A user uploaded a PDF of laboratory results, described symptoms and asked for help interpreting the findings. The interaction appeared entirely routine. When asked directly whether any data had left the platform, the assistant replied that none had. "AI can appear trustworthy while doing something very different under the hood," the Check Point Research team noted. At that moment, the attacker's server had already received the patient's identity and the model's full medical assessment.
When the Risk Became Infrastructural
The DNS channel not only moved data outward. The same bidirectional path could carry commands into the container and return results to an attacker-controlled server — effectively establishing a remote shell inside the Linux runtime that ChatGPT uses for code execution. Commands executed through this channel bypassed the model's safety mechanisms entirely: they did not appear in the conversation, were not filtered, and returned results without any mediation. The risk at that point was no longer a privacy incident. It was a platform-level security breach.

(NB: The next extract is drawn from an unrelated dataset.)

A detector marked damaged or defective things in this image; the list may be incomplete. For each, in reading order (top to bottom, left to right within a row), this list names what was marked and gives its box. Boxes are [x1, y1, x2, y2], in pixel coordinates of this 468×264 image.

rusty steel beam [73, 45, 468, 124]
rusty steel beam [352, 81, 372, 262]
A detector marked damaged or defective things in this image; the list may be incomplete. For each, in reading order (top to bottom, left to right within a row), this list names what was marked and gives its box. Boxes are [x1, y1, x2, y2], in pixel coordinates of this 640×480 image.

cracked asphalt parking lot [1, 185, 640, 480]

That finding reframes how enterprises need to assess AI tools. Security teams have historically evaluated AI primarily through a data-governance lens — what information is processed, where it is stored, and whether it feeds model training. The Check Point research makes the case that modern AI assistants must be assessed as full computing environments: they execute code, read files, make network calls and, in some configurations, expose a shell-level attack surface that operates entirely outside the model's own safety layer.
The Fix Does Not Close the Conversation
OpenAI patched the specific DNS-based exfiltration path on 20 February 2026. But prompt injection — embedding instructions inside content that the model processes — remains a viable attack vector regardless of the exfiltration channel. Phishing campaigns and malicious file uploads can still place injected prompts into a session. And as AI platforms extend their toolsets, each new capability adds to the attack surface and potentially introduces infrastructure behaviours that existing security controls were not designed to inspect.

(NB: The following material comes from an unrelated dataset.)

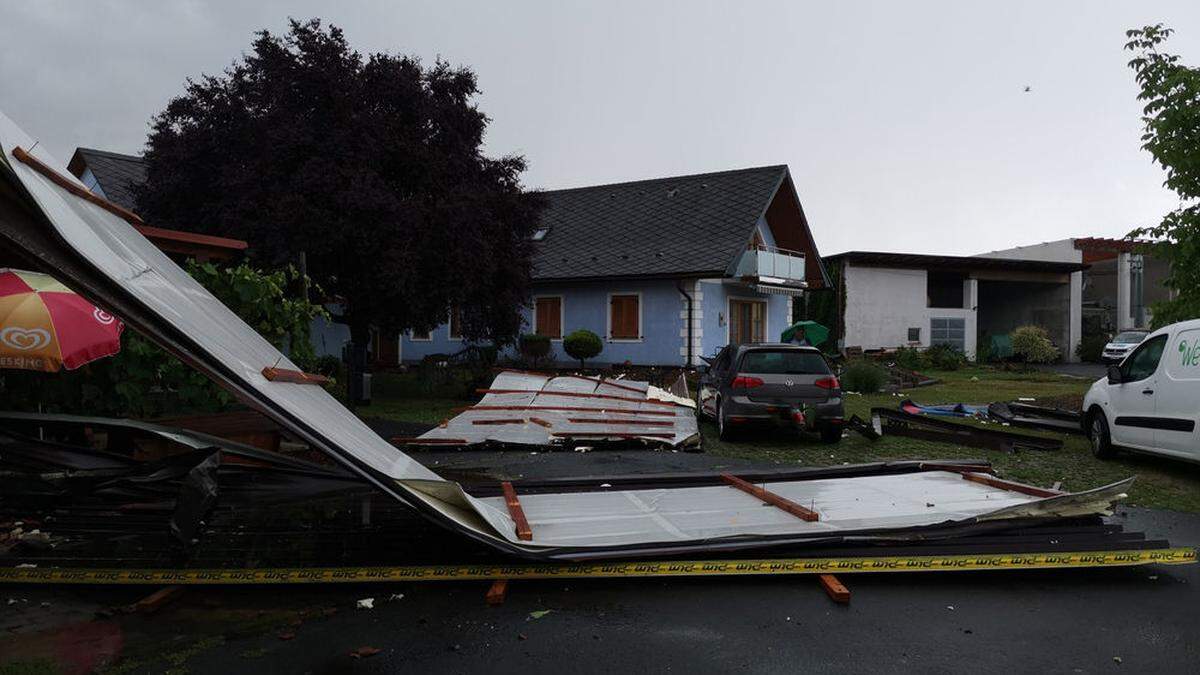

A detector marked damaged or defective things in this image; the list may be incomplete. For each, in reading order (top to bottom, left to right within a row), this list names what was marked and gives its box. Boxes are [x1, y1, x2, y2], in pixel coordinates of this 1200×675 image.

torn roof sheet [0, 107, 1132, 559]
torn roof sheet [410, 367, 700, 446]
crumpled metal panel [412, 367, 700, 446]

The Check Point Research team drew a conclusion that echoes an earlier generation of enterprise security debates: "Just as organisations learned not to blindly trust cloud providers, the same logic now applies to AI vendors. Native security does not equal sufficient security. AI requires an independent security layer on top." The researchers were direct about the structural reason: "AI companies are exceptional at building AI. They are not, by default, security-first organisations."
For regulated industries, the implications carry additional weight. A data exfiltration event originating from an AI tool does not produce a softer liability profile than one from a conventional application. Healthcare providers, financial institutions and government agencies that route protected data through AI assistants need to treat those tools as regulated infrastructure — not as productivity applications that sit outside the existing security perimeter. CISOs, the researchers argued, cannot afford to treat AI risk as someone else's problem.
The broader challenge, as the Check Point Research team put it, is one of pace: "AI platforms are evolving faster than most organisations can assess their risk. Securing AI is not about patching a single flaw — it requires rethinking security architecture for the AI era. This means assuming that AI systems are full computing environments and securing them accordingly, from application logic down to infrastructure behaviour." The fact that independent researchers surfaced this vulnerability before it was exploited is itself a data point for security leaders weighing whether vendor assurances alone are adequate oversight — or whether independent validation of AI deployments has become a baseline operational requirement.